Tolstoy and his brother Nikolai both took part in this war. His novella Hadji Murat is about one of the most famous rebel leaders involved in it. Mikhail Lermontov also fought in the same conflict, and wrote about it in his novel A Hero of Our Time, a work Tolstoy strongly disliked and is here subtly undermining. Alexander Pushkin was exiled to this region, which inspired his writing, although he did not fight. As a result of the literature born from this conflict, the region acquired a sort of exotic glamour for Russians living safely out of harm's way in Moscow and St Petersburg.
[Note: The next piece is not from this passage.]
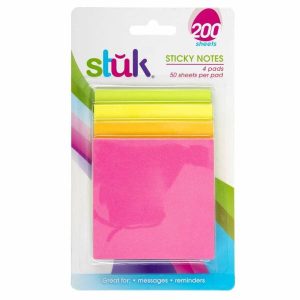 Stationery |    Super Sticky Notes 200 Pack – Assorted Office Supplies Stationery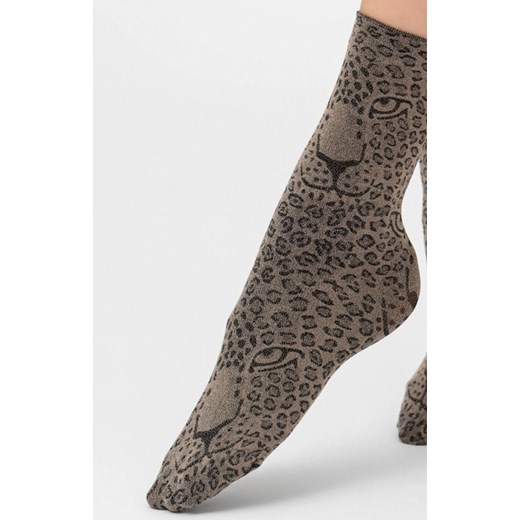 Wild cat skarpetki damskie ze wzorem, Kolor szary-wzór, Rozmiar uniwersalny, Veneziana ze sklepu Intymna w kategorii Skarpetki damskie - zdjęcie 144833202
The inhabitants of the Caucasus were seen as being exotic, romantic savages with strange customs and costumes that could be admired even while they were being crushed. This was a part of the wider European fashion for Orientalism, the fascination with the 'exotic' East. Veterans of the war, such Dolokhov in this scene, would return from the front line imbued with second-hand glamour from their contact with the rebels. Dolokhov is maximising this appearance by wearing 'Persian' clothes, just as the English poet Lord Byron does in his famous 'Albanian' portrait by Thomas Phillips.
The Patriarch's Ponds area of Moscow now only has one pond, although it is thought to have once had three.
Originally a swamp known as Goat's Marsh, the area acquired its present character after the Great Fire of 1812, when much of the city was rebuilt.
The 20th century writer Mikhail Bulgakov lived in Patriarch's Ponds, which appears at the beginning of his most famous novel, The Master and Margarita.
The Island of Elba lies in the Mediterranean sea near the coast of Italy. It was Napoleon's first place of exile, following his first defeat after the invasion of Russia. He spent less than a year on the island before raising an army and escaping back to France, determined to re-establish himself.